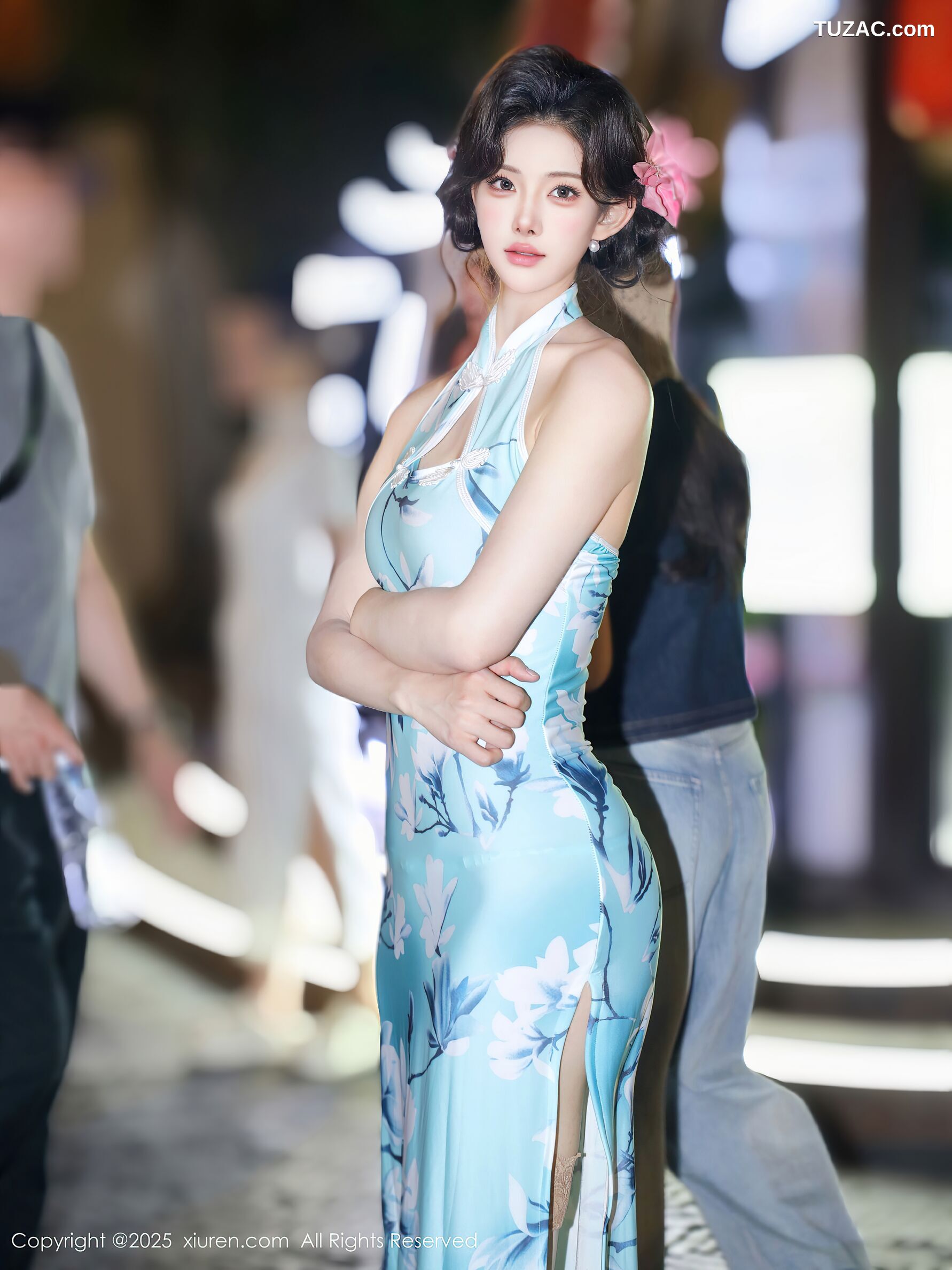 XiuRen秀人网-10594-梨霜儿-青色旗袍夜色街拍肉丝-2025.07.28
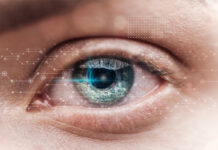 Бионический глаз, который может управлять реальностью Крупный план зеленого глаза человека с иллюстрацией данных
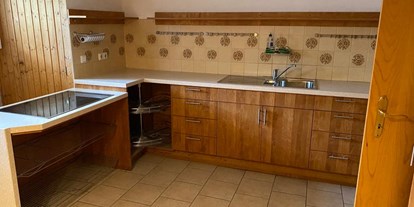 Monteurwohnung - Einzelbetten - PLZ 12623 (Deutschland) - Wohnküche mit Herd, Backofen, Kühlschrank  und Sitzecke - Svenja Wagner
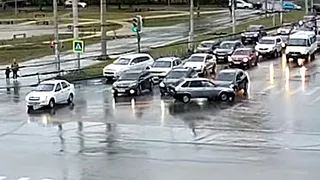 На перекрёстке улиц Новосёлов и Советского армии иномарка врезалась в "девятку"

++++++

ACTIVITY:
Return the data exactly. Do not carry over any images.

TASK RESULT:
 XiuRen秀人网-10594-梨霜儿-青色旗袍夜色街拍肉丝-2025.07.28
 Бионический глаз, который может управлять реальностью Крупный план зеленого глаза человека с иллюстрацией данных
 Monteurwohnung - Einzelbetten - PLZ 12623 (Deutschland) - Wohnküche mit Herd, Backofen, Kühlschrank  und Sitzecke - Svenja Wagner
 На перекрёстке улиц Новосёлов и Советского армии иномарка врезалась в "девятку"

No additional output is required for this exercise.